Et puis il y a deux autres écoles qui sont moins proches de moi.
Il y a une école un peu sauvage, un peu hard rock, un peu heavy metal, qui réduit le genre au cinéma gore… J’ai beaucoup de problème avec la violence dans ces films : elle me terrifie et je n’arrive pas à trouver ce qui devrait me faire sourire dans ces films. Je sais qu’il y a un second degré, mais je ne le vois pas. Ça me choque beaucoup, même si il y a des scènes très impressionnantes et réussies dans La colline a des yeux d’Alexandre Aja. Mais le film gore à la française n’a pas encore trouvé son Franju je crois.
Et il y a une dernière tendance, que je n’aime pas du tout : c’est celle des films de genre gonflés à l’hélium, où tout le monde porte des lunettes noires, des vestes en cuir, roulent en 4X4… Je ne comprends pas du tout ces films-là, où tout est faux, tout est fabriqué… Je me sens plus proche de la première école qu’on a évoqué : le « film de genre d’auteur ». »

J’ai l’impression que dans votre film il existe deux cinémas : un français, plus intimiste, centré sur le couple, et un anglo-saxon, tendance Hitchcock ou Scorsese…
N.S. : « Lequel de Scorsese ? Les infiltrés ? »

Oui, mais aussi ses films de mafia avec les thèmes de la trahison, de la relation basée sur le mensonge…
N.S. : « C’est vrai… »

Mais euh (le temps que je retrouve mes esprits) donc vous en tant que cinéaste vous vous sentez plus proche du cinéma français, de l’anglo-saxon ou vous êtes vraiment à la frontière des deux ?
N.S. : « Disons que je suis très proche de la fibre anglo-saxonne : si je faisais de la musique je ne pourrais jamais chanter de la pop ou du rock en français, de même je ne pouvais pas imaginer faire un film de genre en français, c’est pourquoi je voulais que le film soit en version originale sous-titrée, pour tout ce qui fait partie du film de genre.
En revanche il y a tout un cinéma français que j’ai découvert assez tard, quand j’étais plus adulte : des cinéastes comme Eustache, des films comme La peau douce de Truffaut, Nous ne vieillirons pas ensemble de Pialat, Max et les ferrailleurs de Sautet.
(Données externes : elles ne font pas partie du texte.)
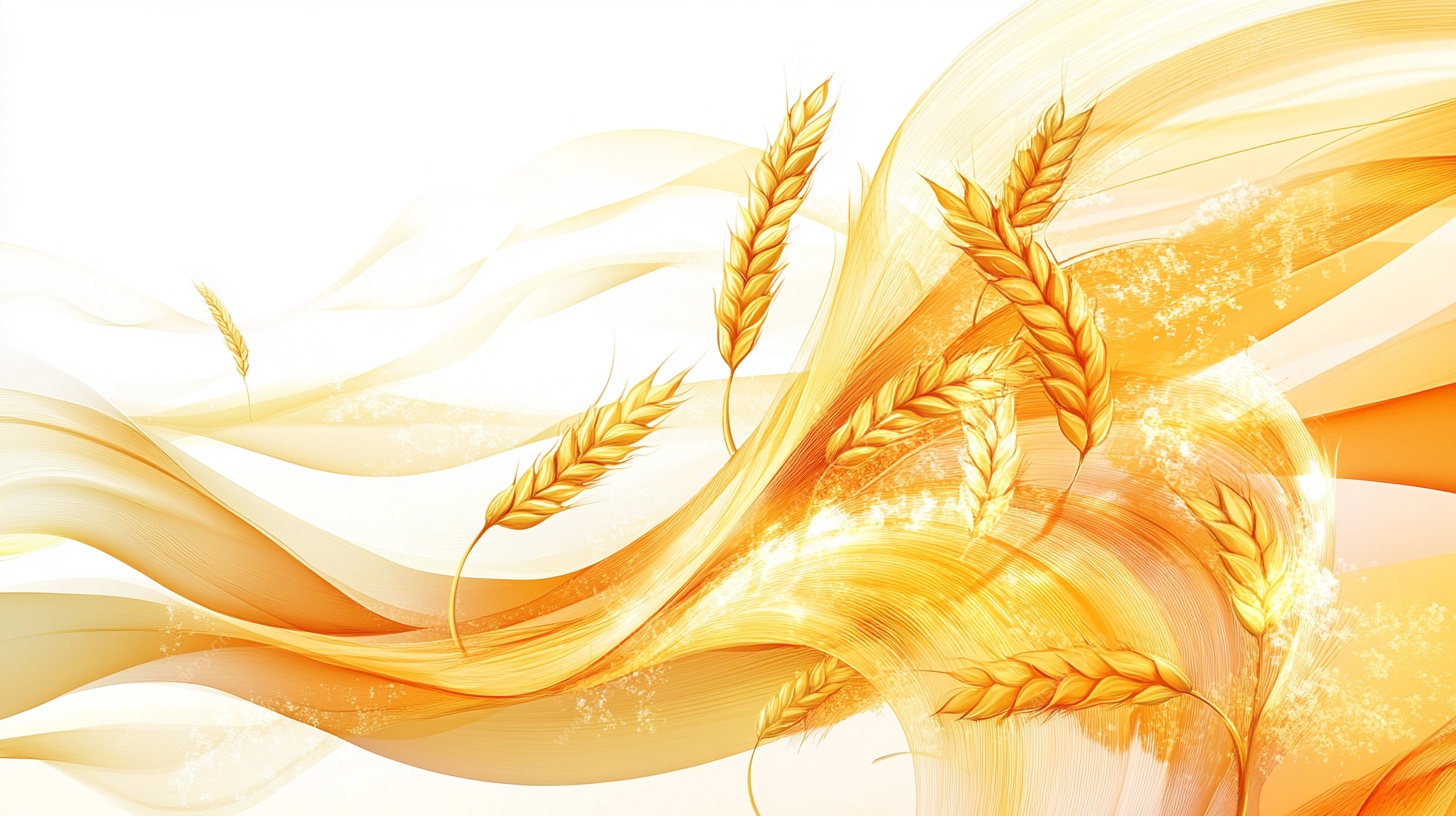 金色麦浪飘动梦幻背景图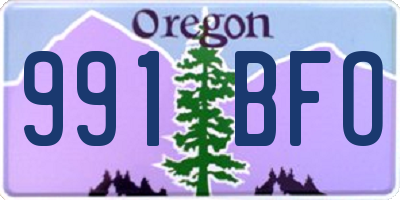 OR license plate 991BFO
C’est une tradition du cinéma français qui me touche, qui évoque de choses qui me troublent, comme les sentiments ou plutôt la difficulté de les exprimer.
Donc j’avais envie que ces deux parties de moi cohabitent dans le film. »

Si on parlait de la musique de Cliff Martinez, qui a composé pour plusieurs films de Steven Soderbergh ?
N.S. : « Je voulais une voix anglo-saxonne sur la musique. Pour moi la musique, ce n’est pas simplement une illustration, c’est le commentaire de l’artiste, et je voulais que Cliff s’exprime sur le film, comme le ferait un scénariste par exemple. J’avais envie d’un son complètement américain sur Espion(s), qui apportait un point supplémentaire et décalé à ce que je voulais faire, c’est-à-dire un film qui n’appartient pas vraiment à quoi que ce soit, qui ne soit pas attaché à une culture. »

Dans quelle direction l’avez-vous orienté dès lors ?
N.S. : « Je voulais que Cliff Martinez reste complètement ancré dans le genre tout en restant très proche de ce que lui sait faire le mieux, le climat. Je savais qu’avec lui j’aurais une musique très homogène parce que ce qu’il y a de formidable chez lui, quand on voit des films comme Solaris ou L’Anglais il a une gamme et un registre très étendus. Il sait faire des choses très différentes et préserver une homogénéité de style. »

Le mot de la fin : Espion(s), c’est un film d’espionnage avec une histoire d’amour ou c’est un film d’amour avec une histoire d’espionnage ?
N.S. : « Les deux mon général ! C’est un film "bröl" comme diraient les Belges ! (rires) Et j’espère que ce mélange des genres va leur plaire.

Interview réalisée dans le cadre du Festival International du Film d’Amour de Mons 
pour le Quotidien du Festival

MON AVIS :
Un film de genre français réussi, c'est assez rare pour être souligné. Il y a bien sûr des faiblesses un peu dommageables (les effets spéciaux notamment sont assez ridicules...) mais Nicolas Saada a le mérite – et l'audace – de proposer un film d'espionnage sans action, sans course poursuite, et avec une très légère fusillade à la fin ; l'attention est plus portée vers l'ambiance, le climat malsain, la tension permanente et la complexité des personnages, hitchcockiens dans le sens où ils se trouvent imbriqués dans des histoires qui les dépassent. Belle réussite.